I noticed a few inconsistencies today with the Token auth backend:

1. The docs specify no_parent to create an orphan token, but the help text from the token-create command says that this command is called orphan.

2. The docs say that if lease is not specified, "the token is valid indefinitely." But this isn't true; it's valid for Vault's hard-coded limit of 30 days. Someone that doesn't carefully look at the returned token_duration and only uses the documentation may get a rude awakening a month down the line.
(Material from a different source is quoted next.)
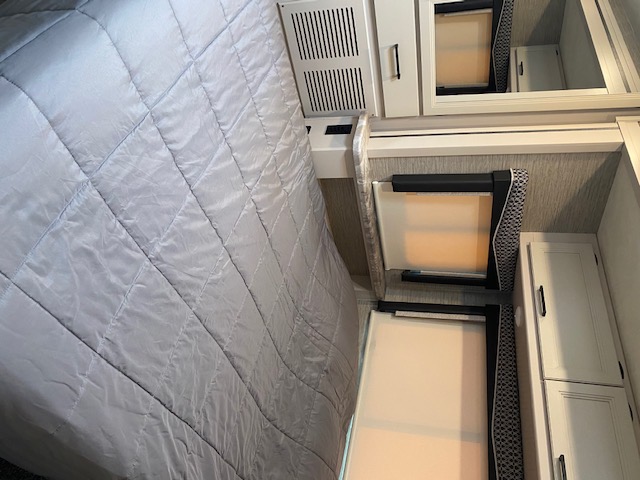 Compact RV rental bedroom with quilted bed, built-in storage, mirror, and blinds. Ideal for travel.. Thor Motor Coach Chateau 2021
3. The docs for auth/token/create indicate that to add metadata to a token you use metadata, but when doing this via the Go API it doesn't work; I need to use meta. However, from the command line client, metadata does work, because it's not converting from JSON like the API.

[sethvargo]

Hey @jefferai

I think the command is functioning as intended and this is actually a docs bug. What do you think?

[jefferai]

@sethvargo I think these are both documentation bugs, although I haven't checked orphan (it accepts the flag without choking but that doesn't mean it's valid).

[jefferai]

Please note problem number 3 that I just added to the original comment above.

[armon]

@jefferai Thanks for catching these! The first one is not a "bug" per-se, the CLI tool just is mapping the -orphan flag to the no_parent option. The API is no_parent however.